- [Your goal] Please transcribe only the lines from the one holding "Friends & Family" through the final line of the data, both included, with no pictures.

+---+

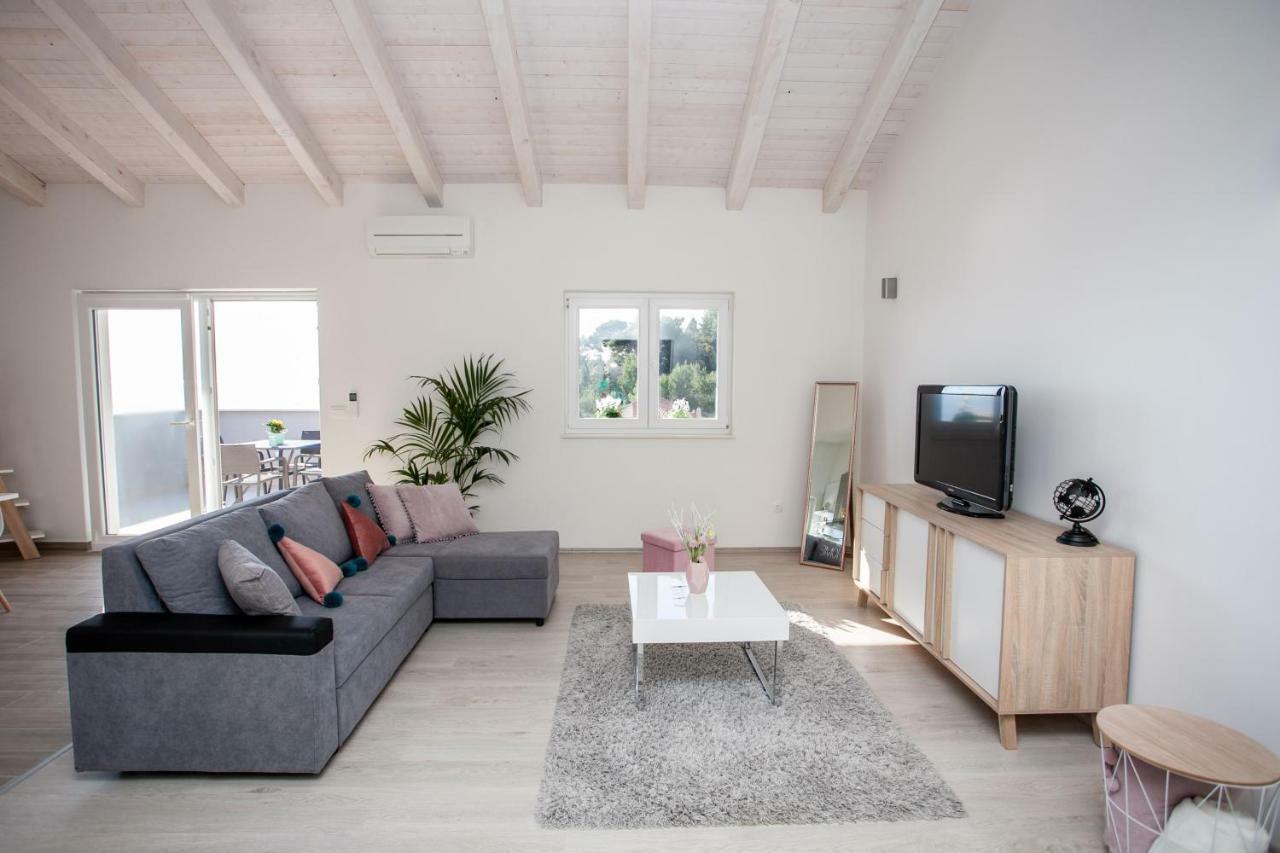 Luxury Sea View Apartment Jesenice  Exterior foto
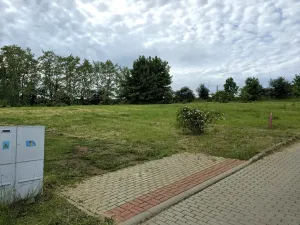 Prodej pozemku pro bydlení, Knovíz, U Kostela, 1312 m2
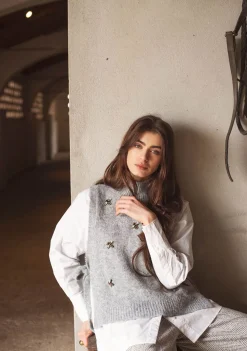 Truien><noscript><img width=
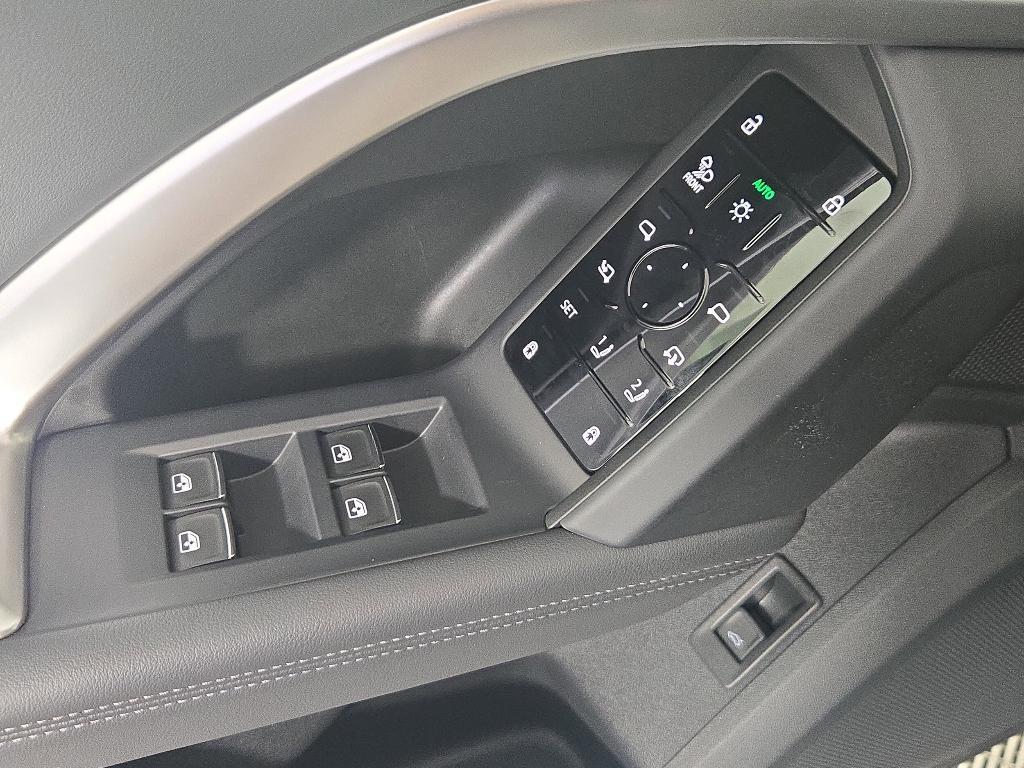new 2025 Audi Q5 car, priced at $61,300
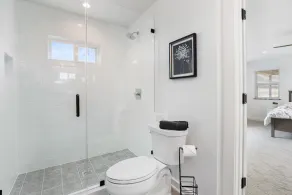Friends & Family Favorite! Views - Spacious - Clean - Image 5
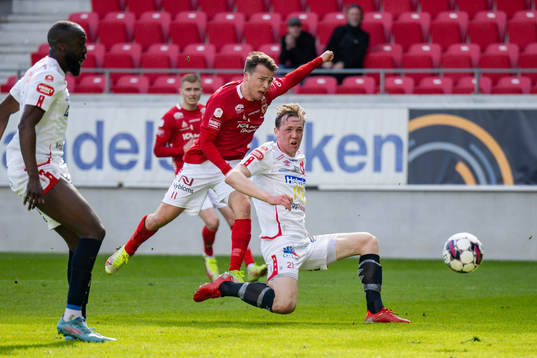 Kalmars Simon Skrabb och Degerfors Adam Carlén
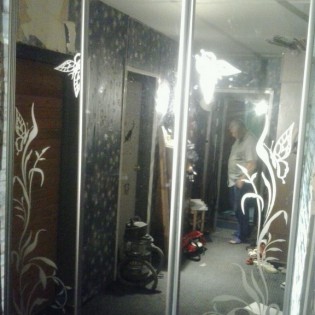 Двери-купе с наполнением из зеркал с пескоструйным рисунком в квартире на ул. Бабушкина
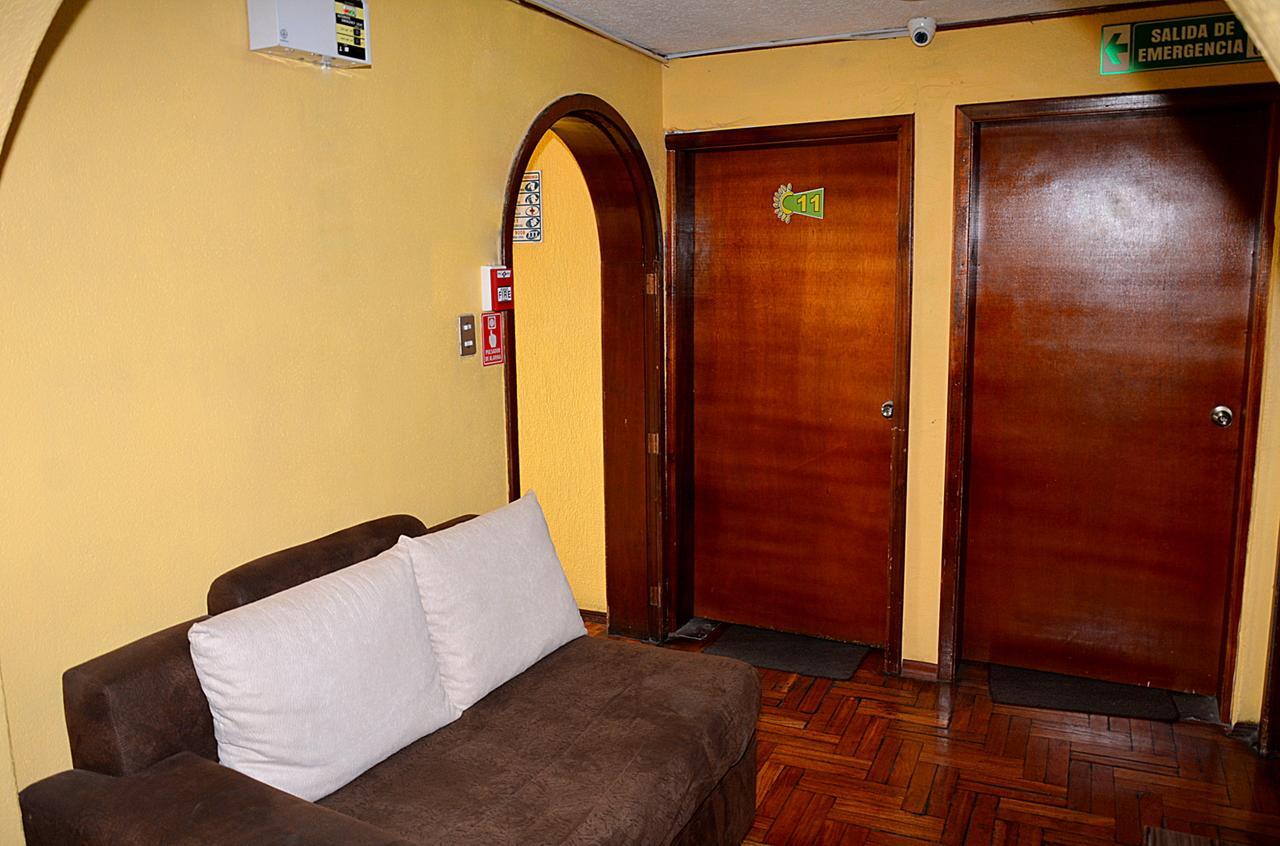 Hostal Terra 2 - El Condado Quito Exterior foto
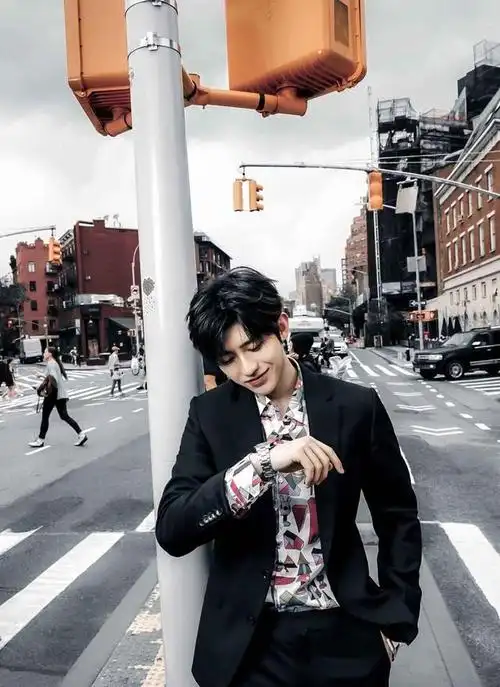 接着,蔡徐坤参与了作品《one》《young》,并加入了《青春有你第二季》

+---+

- [Response to this task]
Friends & Family Favorite! Views - Spacious - Clean - Image 5
 Kalmars Simon Skrabb och Degerfors Adam Carlén
 Двери-купе с наполнением из зеркал с пескоструйным рисунком в квартире на ул. Бабушкина
 Hostal Terra 2 - El Condado Quito Exterior foto
 接着,蔡徐坤参与了作品《one》《young》,并加入了《青春有你第二季》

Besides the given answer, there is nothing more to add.